America’s first factory strike happened just 30 years after America’s first successful textile mill started churning out cotton cloth in Pawtucket, R.I.
It was May 1824, and the mill owners in the burgeoning industrial city had made an announcement.
They planned to increase the workday by one hour and cut wages by 25 percent for power loom weavers – that is, for women between the ages of 15 and 30. They were, after all, earning “extravagant” wages – according to the mill owners.
On May 26, 1824, 102 young women along with sympathetic community members blocked the entrance to Sam Slater’s textile mill, shutting them down. The strike spread to other mills.
The Pawtucket Journal reported:
On Wednesday evening a tumultuous crowd filled the streets, led by the most unprincipled and disorderly part of the village, and made an excessive noise — they visited successively the houses of the manufacturers, shouting, exclaiming and using every imaginable term of abuse and insult. The window in the yellow mill was broken in. … The next day the manufacturers shut their gates and the mills have not run since.
The Textile Industry Takes Hold
Sam Slater gets credit for starting the Industrial Revolution in America because he built his water-powered textile mill in 1793. Similar textile mills then sprang up along the Blackstone River and beyond. Industrialization got further boosts from the Embargo of 1809 and the Tariff of 1816, which protected U.S. textiles from British imports. By the Civil War, textiles were America’s most important industry.
Along with the modern factory, Slater also introduced child factory labor to America. He would seek out children aged 7-13 from poor white families. Then he’d hire them for 40 cents to 60 cents a week. They worked 12- hour days in winter, 16 in summer. Many children hated working in the gloomy and dangerous mills, and some ran away. Their parents sometimes took them away from work because they wanted them to earn higher wages.
Slater also hired entire families, putting them in company housing and forcing them to shop at the company store.
He and other mill owners found workers harder and harder to control. Some sabotaged the factories, stealing property and setting fires. Some showed up late. And some didn’t show up at all.
In 1814, the Pawtucket mill owners petitioned the state Legislature to organize a police force as ‘it has often been found difficult to preserve order and due subordination.’

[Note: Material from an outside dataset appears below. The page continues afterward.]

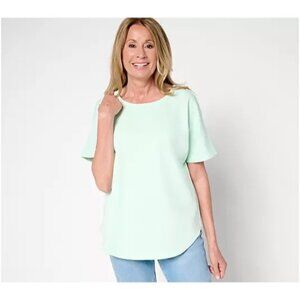 Belle Beach by Kim Gravel Seaside Sweats Slouchy Top SIZE Large Seafoam LIGHT GR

Slater had another method. He introduced Sunday school for children, who, after working six 16-hour days could get indoctrinated in the Christian virtue of hard work and submissiveness.
1824 Factory Strike
After about 1810, Slater could no longer rely on child labor because he started using the power loom. The machinery was too much for young children, so to run them he hired the second-cheapest workers: young women.
But the ladies proved less submissive than the mill owners hoped. When the Pawtucket factory owners announced the pay cut and the longer work day, the women decided to have none of it.
At the Slater mill, 102 young women started the strike – then called a turnout.
The strike spread to seven other mills, and 500 workers walked off the job. And they didn’t just shut down the mills. They went to the owners’ houses, shouted insults at them and broke their windows. A local judge wrote that the streets were, ‘literally filled with Men Women and Children — making a mob of very daring aspect, insulting the managers of cotton mills in every shape — pulling and hauling — screaming and shouting thro the streets.’
On the last day of the strike, one of the mills burned down in a fire probably set by a striker. The owners agreed to a compromise, the details of which are lost to history. On June 3, the strikers returned to work.
Aftermath of the Factory Strike
We know little of the factory strike from the women’s point of view. But the Pawtucket strike set off a wave of labor organizing in Pawtucket and across the region. In Lowell, Mass., for example, the mill girls went on strike in the 1830s. They also went on factory strikes in Providence, Waltham and Woonsocket, in Lynn, Mass., and in Brunswick, Maine, to name a few.
Child labor would persist, however, as documented by photographer Lewis Hine. In 1938, Congress outlawed child labor, but women still struggle for equal pay.